▶ **EXERCISE DIRECTIONS**:
Please copy out the entries exactly, skipping any pictures.

::: DATASET EXTRACT

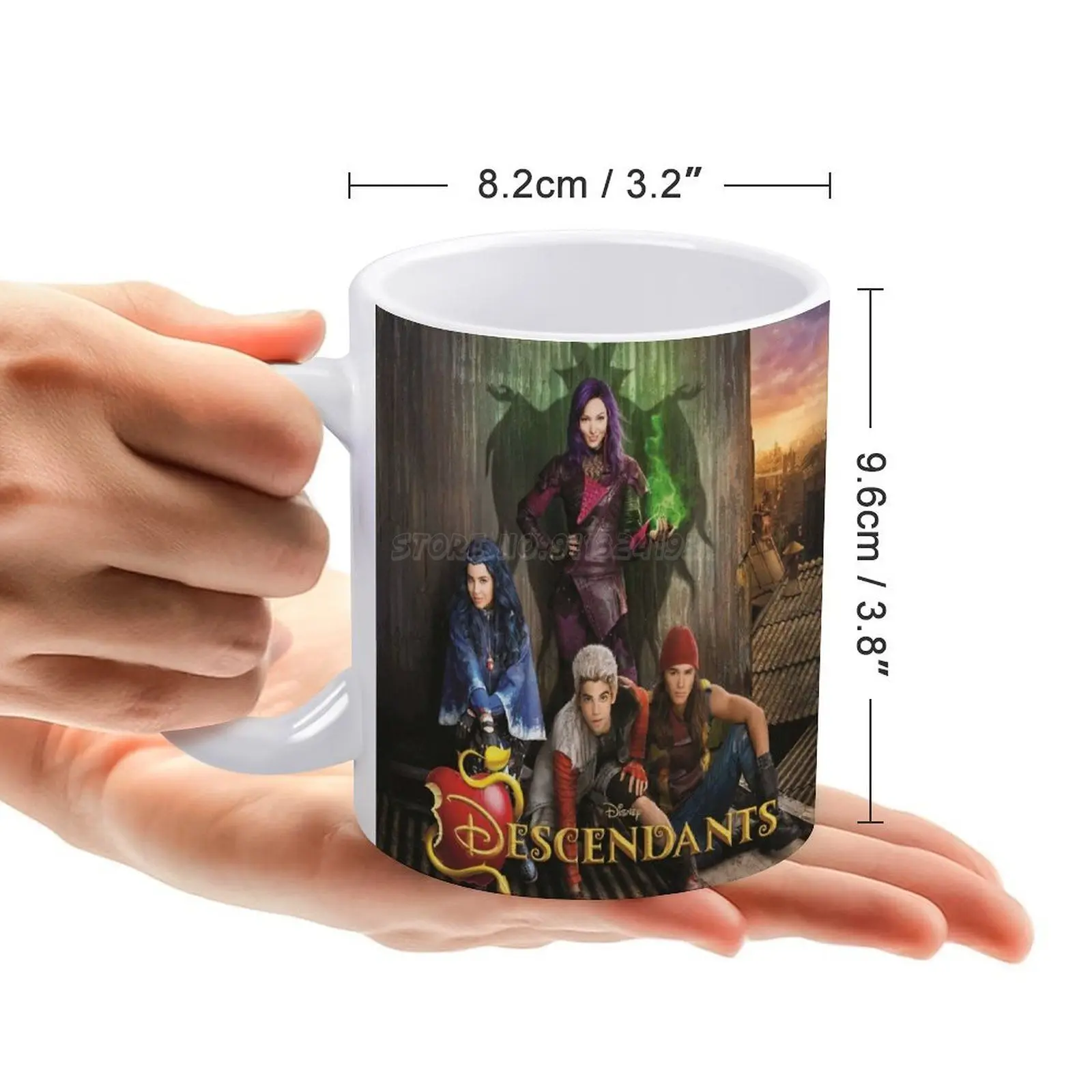 Потоки ТВ-шоу D3 белая кружка керамическая чайная чашка подарок на день рождения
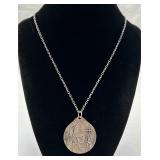 Catholic Medal w/ Pope John Paul II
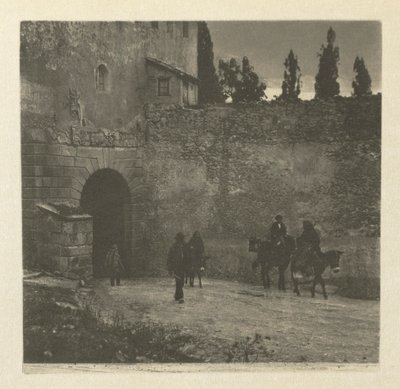 Trabalho de Câmara: A Gateway - Segovia, 1914. de J. Craig Annan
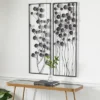 Farmhouse Metal Floral Wall Decor With Black Frame Set Of 2 Black - Olivia & May -Home Decor Shop GUEST 607d3aac 2de4 45a3 b068 79d18c0b4727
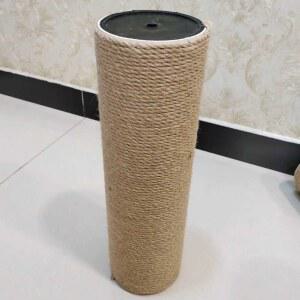 흰색 애완용품 원목 캣타워 리필 부속품 골판지 소재 놀이 L형 기둥 캣타워부품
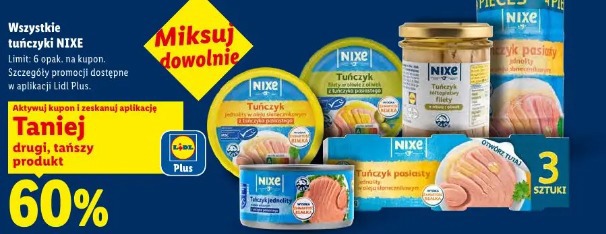 Wszystkie tuńczyki NIXE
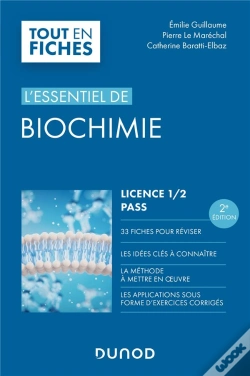 Capa do artigo L'Essentiel De Biochimie ; Licence 1 / 2 / Pass (2e Édition)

::::::

▶ **TASK SOLUTION**:
 Потоки ТВ-шоу D3 белая кружка керамическая чайная чашка подарок на день рождения
 Catholic Medal w/ Pope John Paul II
 Trabalho de Câmara: A Gateway - Segovia, 1914. de J. Craig Annan
 Farmhouse Metal Floral Wall Decor With Black Frame Set Of 2 Black - Olivia & May -Home Decor Shop GUEST 607d3aac 2de4 45a3 b068 79d18c0b4727
 흰색 애완용품 원목 캣타워 리필 부속품 골판지 소재 놀이 L형 기둥 캣타워부품
 Wszystkie tuńczyki NIXE
 Capa do artigo L'Essentiel De Biochimie ; Licence 1 / 2 / Pass (2e Édition)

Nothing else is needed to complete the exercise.